8. The method of claim 1, wherein the digital image sensor has a maximum pixel resolution that is greater than the first resolution.

9. The method of claim 8, wherein the second resolution is substantially equal to the maximum pixel resolution.

10. The method of claim 1, wherein processing the first portion of the image data to generate the first video frame comprises encoding the first portion of the image data based on an H.264 codec.

11. The method of claim 1, wherein processing the second portion of the image data to generate the image comprises compressing the second portion of the image data based on a JPEG (Joint Photographic Experts Group) compression technique.

12. A computer-readable storage medium storing instructions that, when executed by a processor, cause a computing device to generate video frames, by performing the steps of:

receiving image data from a digital image sensor that is associated with a series of video frames;

processing a first portion of the image data to generate a first video frame included in a video sequence, wherein the first video frame has a first resolution;

storing the first video frame in a first memory location;

processing a second portion of the image data to generate an image having a second resolution that is greater than the first resolution; and

storing the second video frame in a second memory location.

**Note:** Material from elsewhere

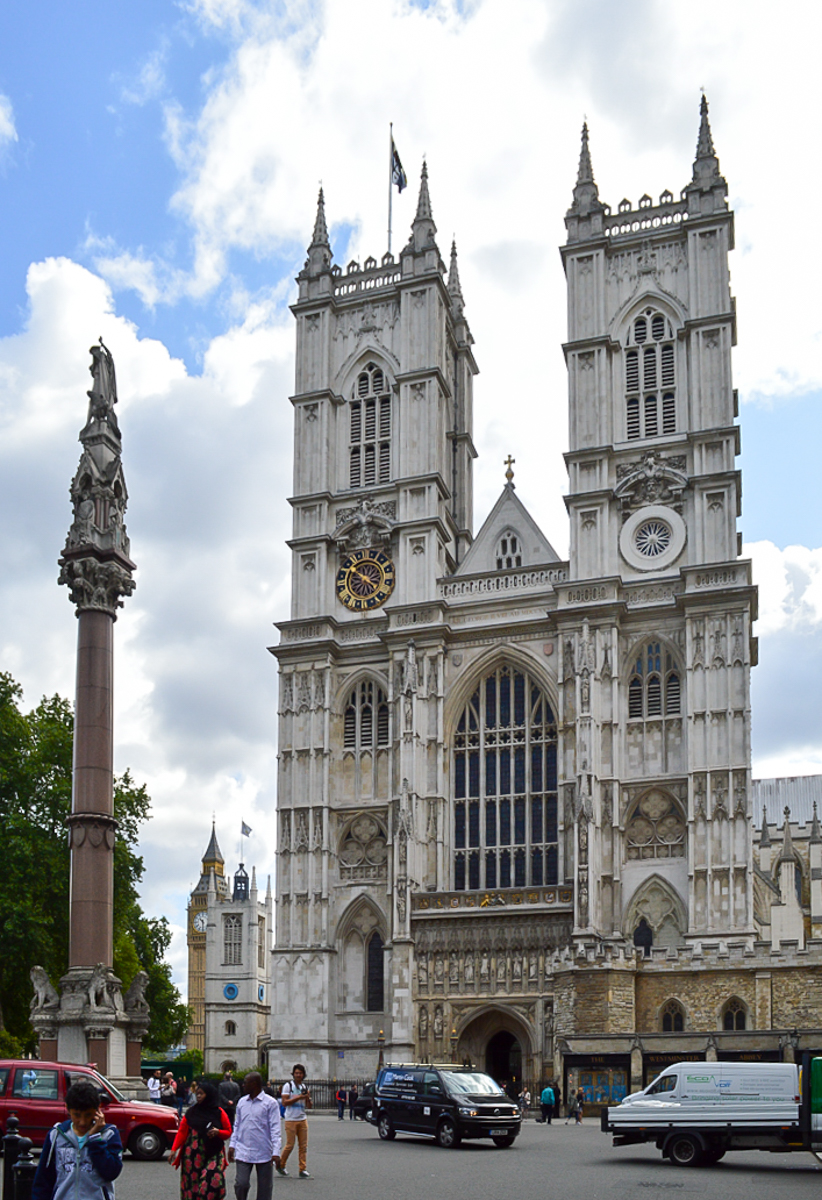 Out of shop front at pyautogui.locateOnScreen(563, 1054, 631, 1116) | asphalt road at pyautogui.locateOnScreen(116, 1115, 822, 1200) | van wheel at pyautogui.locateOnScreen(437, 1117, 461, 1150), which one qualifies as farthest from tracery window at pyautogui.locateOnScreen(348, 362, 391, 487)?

13. The computer-readable storage medium of claim 12, further comprising generating a second video frame included in the video sequence by processing the image to reduce the resolution of the image from the second resolution to the first resolution.

14. The computer-readable storage medium of claim 12, wherein the first memory location and the second memory location are within the same memory device.

15. The computer-readable storage medium of claim 12, wherein images having the second resolution are automatically generated at periodic intervals related to the frame rate associated with the series of video frames.

16. The computer-readable storage medium of claim 15, wherein the duration of the periodic intervals is constant or variable.

17. The computer-readable storage medium of claim 12, wherein images having the second resolution are generated at periodic intervals based on a user-configurable setting.

18. The computer-readable storage medium of claim 12, wherein the image is generated based on at least one of (a) a sharpness associated with the second portion of the image data, (b) a brightness, a contrast, and/or a color associated with the second portion of the image data, (c) a determination of whether a face of a person is present in the second portion of image data, (d) a determination of whether eyes of a person are closed in the second portion of the image data, and (e) audio associated with the series of video frames.

19. The computer-readable storage medium of claim 12, wherein the digital image sensor has a maximum pixel resolution that is greater than the first resolution.

20. The computer-readable storage medium of claim 19, wherein the second resolution is substantially equal to the maximum pixel resolution.

21. The computer-readable storage medium of claim 12, wherein processing the first portion of the image data to generate the first video frame comprises encoding the first portion of the image data based on an H.264 codec.

22. The computer-readable storage medium of claim 12, wherein processing the second portion of the image data to generate the image comprises compressing the second portion of the image data based on a JPEG (Joint Photographic Experts Group) compression technique.

23. A computing device, comprising:

a digital image sensor characterized by a maximum pixel resolution;

a processor coupled to the digital image sensor and configured to: receive image data from the digital image sensor that is associated with a series of video frames, process a first portion of the image data to generate a first video frame included in a video sequence, wherein the first video frame has a first resolution that is less than the maximum pixel resolution, process a second portion of the image data to generate an image having a second resolution that is greater than the first resolution; and

a memory coupled to the processor configured to store the first video frame and the image.